Later in the year their progress was spotted once more ‘Vicenza – two young English vocalists Mdlles Henrietta and Adelaide Alexander have been engaged [by Burcardi] at the Teatro di Sassari for the autumn and carnival, the former as prima donna soprano assoluta, the other as prima donna mezzo-soprano assoluta’, and then, ‘The two sisters Alexander are gone to Girona’ in Spain, where Enrichetta (‘pupil of Prati’) made a ‘fortunatissimo’ appearance as Lucia di Lammermoor and Linda di Chamounix. In October 1856, the girls were at Palma di Majorca where Enrichetta sang La Traviata with Barbacini, and Adele was Maddalena in Rigoletto, alongside the debut of ‘Maria Alfieri’, otherwise Mary Ann Croft from London. In Autumn, they are gathering ‘il più felice successo’ at Spalato (Il Columella, Barbiere di Siviglia) and Sebenico with the buffo Finelli (‘onore garndissimo’), but for Carnevale 1857-8, le signore Enrichetta Alessandri prima donna assoluta soprano and Adele Alessandri contralto seem to have had their engagements cancelled by the ‘noble directors’ of the Teatro Allighieri, Ravenna, as not meeting with their approval. 

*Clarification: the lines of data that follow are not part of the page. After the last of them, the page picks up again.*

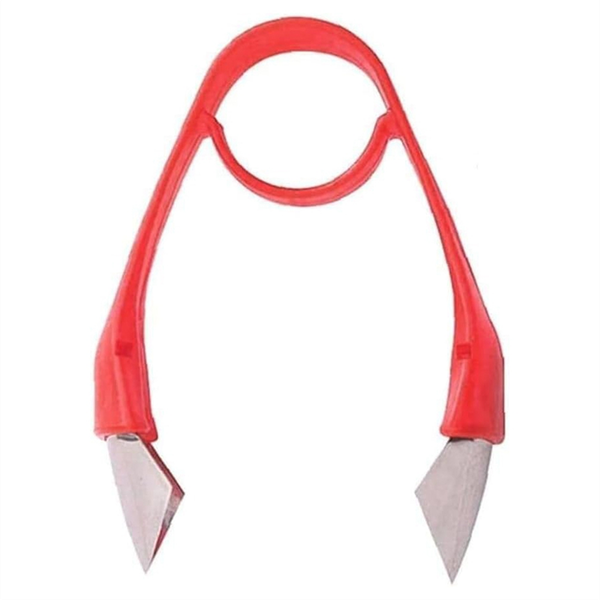 Fruit Corer Core Remover Strawberry Huller Vegetable Tool For Kitchen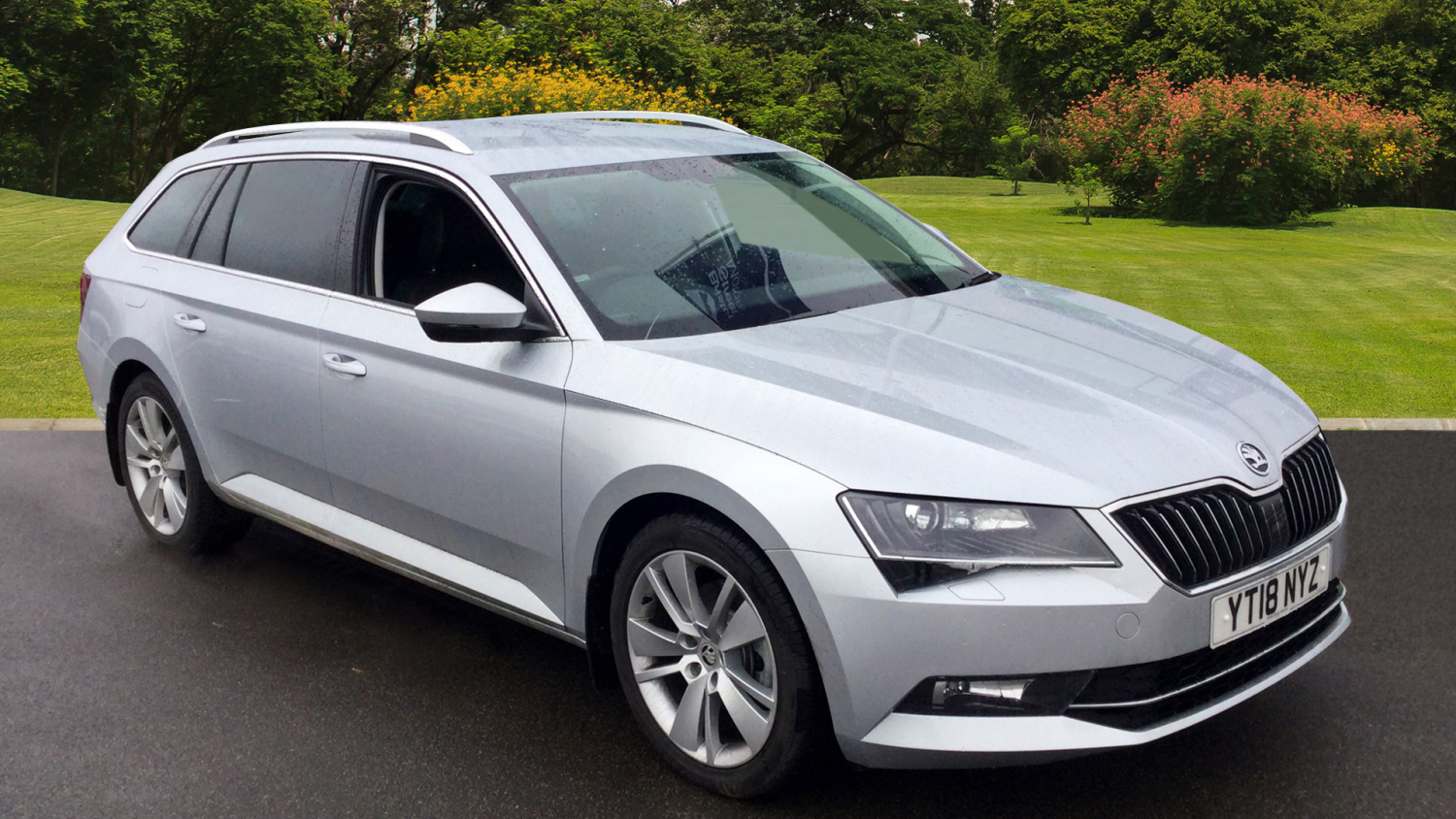 Buy Online SKODA Superb 2.0 TDI CR SE L Executive 5dr DSG Diesel Estate ...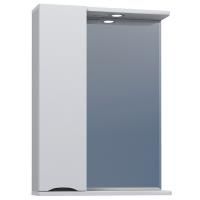 Зеркало со шкафом Vigo Minor 50 L с подсветкой Белое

Enrichetta moved on, in 1858, to the Teatro di Chieti for primavera and, as a hurried replacement for an insufficient soprano, at the Teatro di Crema where she can be seen playing La Traviata and La Sonnambula to ‘applausi e chiamate senza fine’‘La giovane prima donna emerse specialmente, cantò con buon gusto e fu festeggiatissima’. Then, in Spring, they were together again, at Alessandria, before Enrichetta was engaged at the Teatro Re in Pavia (22 May La Traviata with Dordoni), and both played at Intra in the summer (La Traviata, La Sonnambula), and then at the Teatro Rossini in Turin (Crispino e la comare, Il Nuovo Figaro). Enrichetta interpolate the Venzano Waltz into the second opera!  Next, they are to be seen at Legnano, playing opposite each other in Linda di Chamounix while Enrichetta made her umpteenth hit as La Traviata and also appeared as Adina in L’Elisir d’amore. In March 1859, I see Enrichetta singing Chiara di Rosemberg and Lucia di Lammermoor at the Teatro dei Concordi at Lonigo.


I suspect they could have continued in similar fashion for some years, but now the girls came home, to make the next part of their careers in England.

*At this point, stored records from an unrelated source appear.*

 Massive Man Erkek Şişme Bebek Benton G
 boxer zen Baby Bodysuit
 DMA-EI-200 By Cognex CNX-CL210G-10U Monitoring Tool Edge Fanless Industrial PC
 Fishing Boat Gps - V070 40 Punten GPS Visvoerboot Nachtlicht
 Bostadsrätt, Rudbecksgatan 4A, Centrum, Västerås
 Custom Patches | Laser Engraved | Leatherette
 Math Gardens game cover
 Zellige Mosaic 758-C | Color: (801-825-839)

It was Harriet who was the first or at least the more visible, to ‘take off’, and she took off in the grandest of style. Thirtyish year old Harriet – metamorphosed, now, permanently into Enrichetta Alessandri – was hired for what was, of course, not her ‘first appearance on any stage’ as a principal soprano at Her Majesty’s Theatre. London’s opera house. In spite of the Italianising of her name, Harriet was not, however, hired for the Italian opera. In the face of the success of the Pyne and Harrison troupe in their London seasons of English opera, E T Smith was mounting a rival English opera season. His prima donna was the proven Euphrosyne Parepa, and such top English singers as Swift, Santley, Mme Lemmens Sherrington and Sims Reeves were part of the prospectus. As was this unknown Enrichetta Alessandri ‘who has’, Smith assured, ‘gained fame in Spain and Italy’. Fame is perhaps putting it a little strongly.

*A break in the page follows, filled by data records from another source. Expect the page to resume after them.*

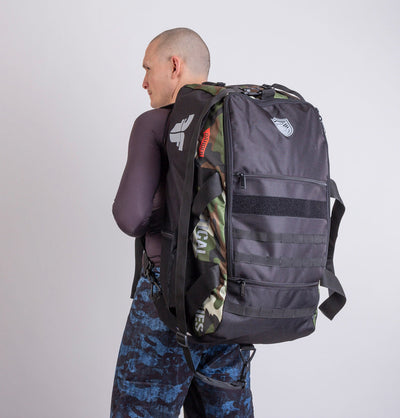 Sac de sport de combat LINE XL - Série tactique - camouflage, FTBP-05 - Fighter Sport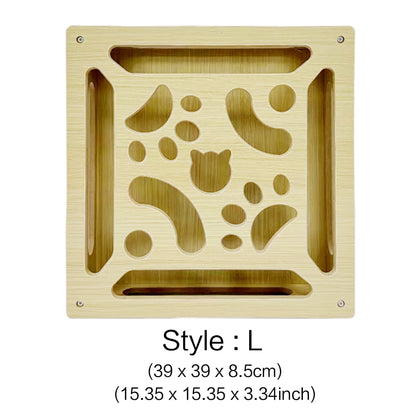 Cat Hollow Ball Toy with Bell, Peppermint Scent, Rubber Balls - My Pet Serenity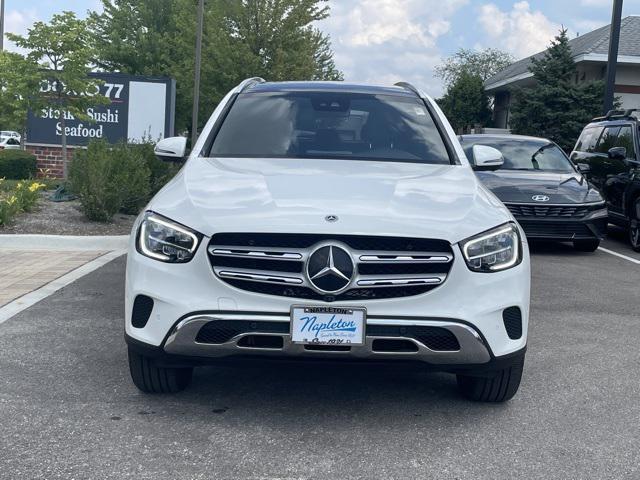 used 2022 Mercedes-Benz GLC 300 car, priced at $30,000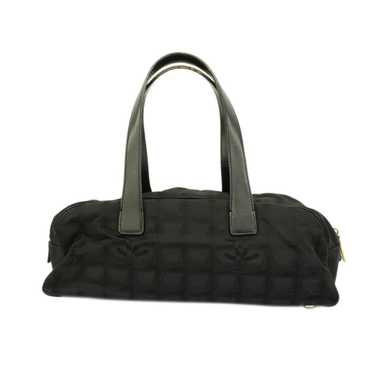 Chanel Chanel handbag new travel nylon black ladi… - image 1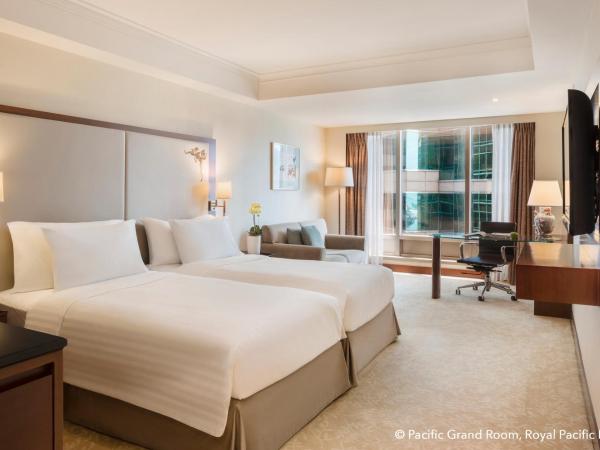 The Royal Pacific Hotel & Towers : photo 2 de la chambre grande chambre pacifique
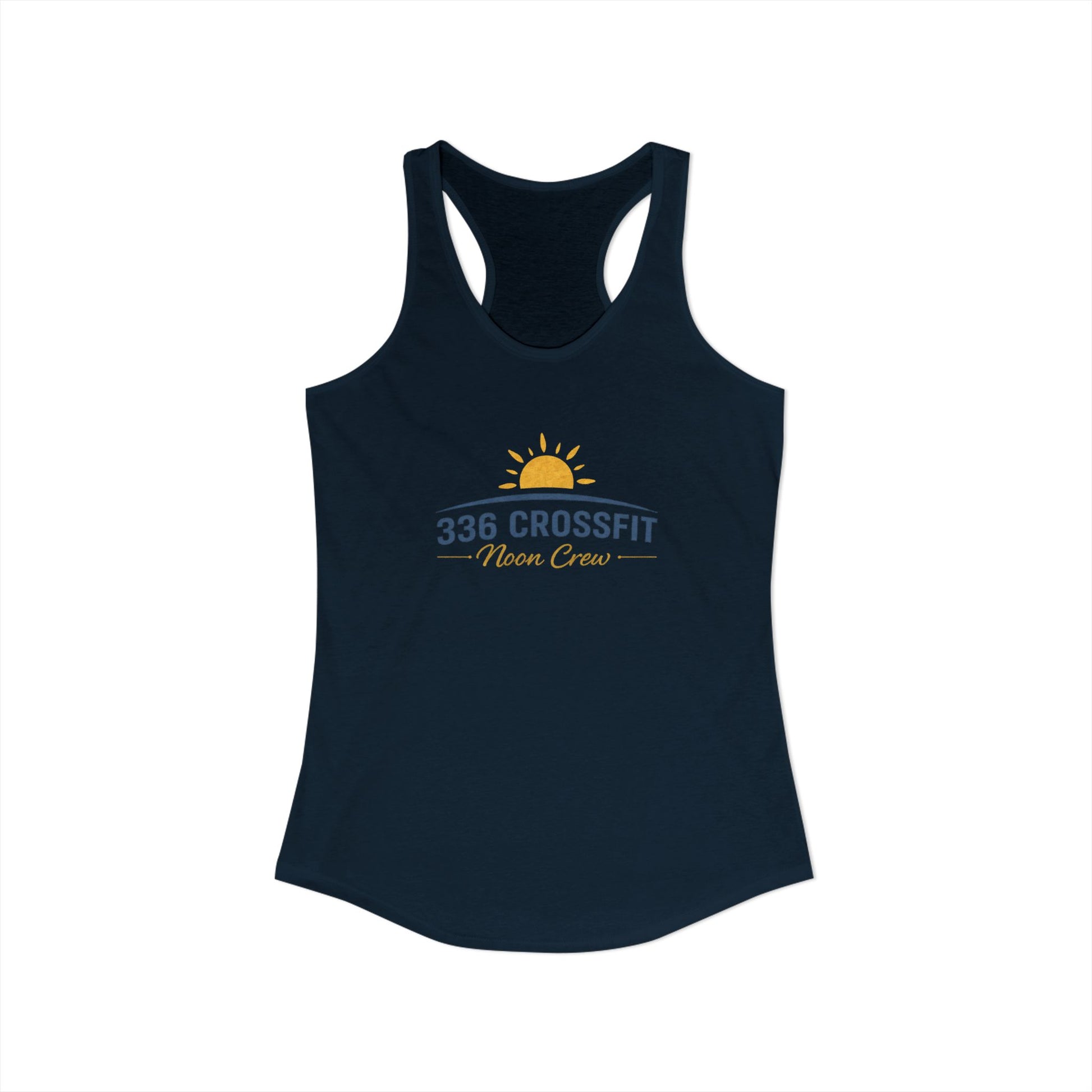 336 CrossFit Noon Crew Tank Top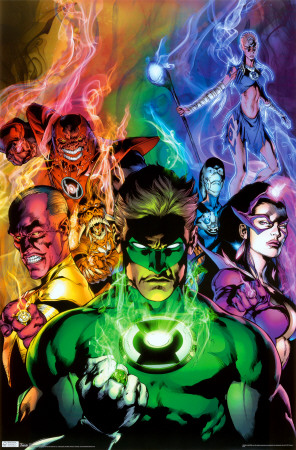 Green Lantern - Blackest Night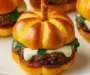 Pumpkin-Shaped Sliders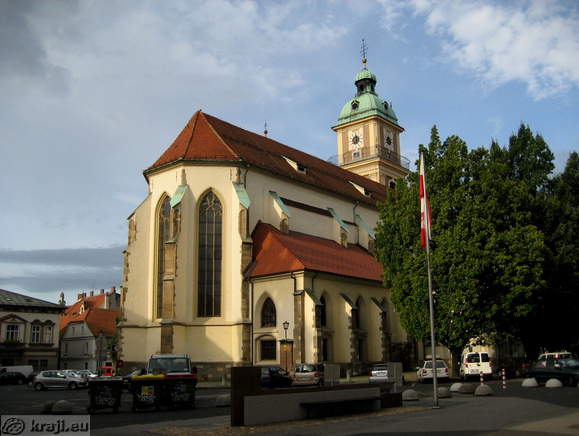 Cathedral from the northeast side of Slomskov trg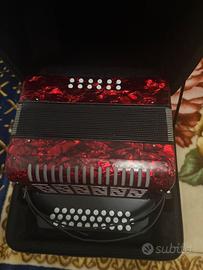 Organetto nuovo sol do fa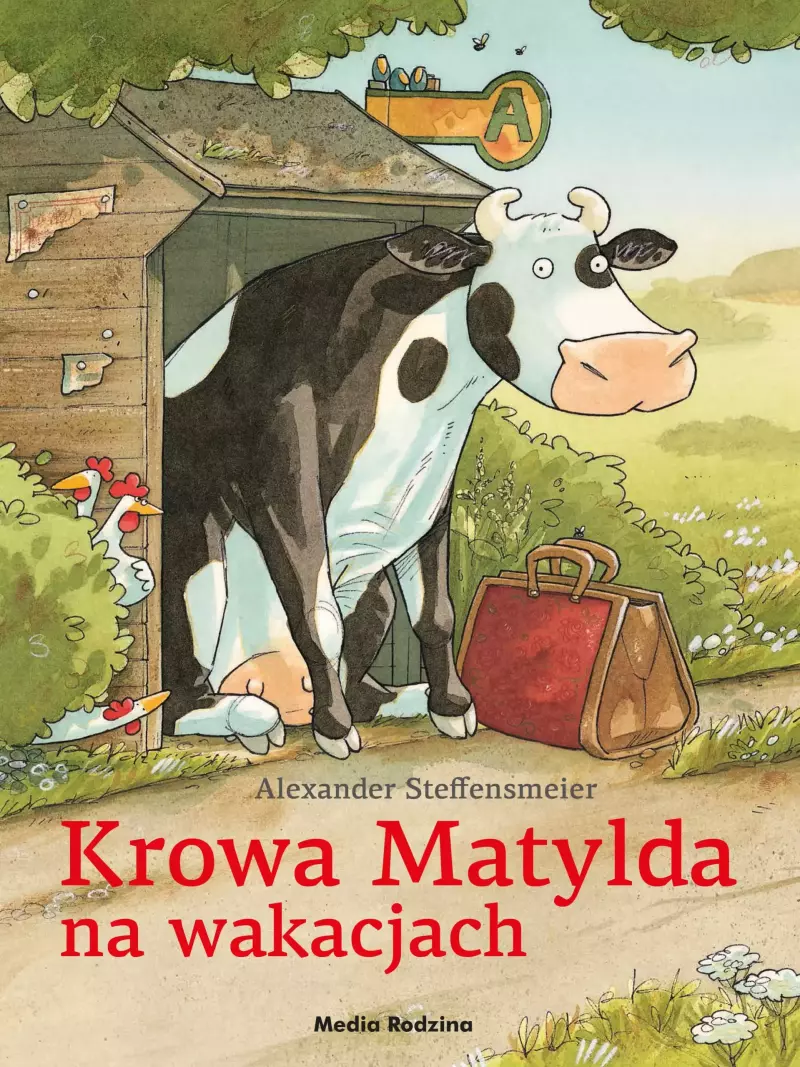 Krowa Matylda na wakacjach BR Krowa Matylda na wakacjach BR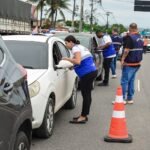 Itaboraí promove ação integrada de conscientização no trânsito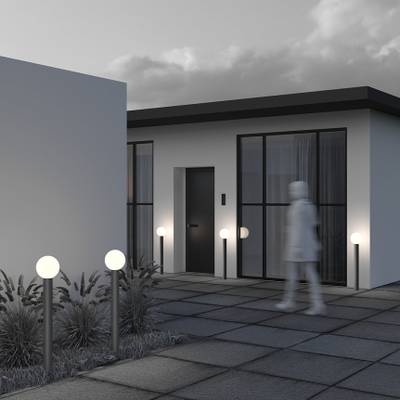 Ландшафтный светильник Bold E27х1, IP54, O598FL-01GR. TM Maytoni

Harriet made her debut in the supporting part of the Countess Filomela in the British production of Massé’s La Reine Topaze (26 December 1860)playing the ‘other woman’ to the Queen Topaze of Parepa, the hero of Swift and the ‘other fellow’ of Charles Santley. The Era reported ‘Mdlle Alessandri, with her neat style of execution, was exceedingly valuable’ in the vast shadow of Parepa and the opera was accounted ‘a decided success’. La Reine Topazewas followed by La Traviata with Parepa starred, after which was scheduled The Bohemian Girl with Parepa as Arline. But Parepa’s Arline had to wait. When the Bohemian Girl opening night came, she was off, and Harriet – only a month into her British career -- was on. ‘Owing to the indisposition of Madame Parepa, Miss Alessandri has taken the role of Arline in The Bohemian Girl throughout the week, and has acquitted herself with great success. The young lady has a graceful figure, a good voice, and is a careful executant of the music intrusted to her.’

Harriet’s next assignment was ‘back to normal’. On 15 February Smith put up Fra Diavolo with Swift in the title role and Parepa as Zerlina. Harriet played the lively Lady Allcash in a team with comedian George Honey as her Lord.  But that was her lot. The rest of the season was devoted to performances of Robin Hood and of the new The Amber Witch, with Helen Lemmens Sherrington starred and in neither of which was Harriet cast, before Smith’s English opera gave way to the annual Italian opera season.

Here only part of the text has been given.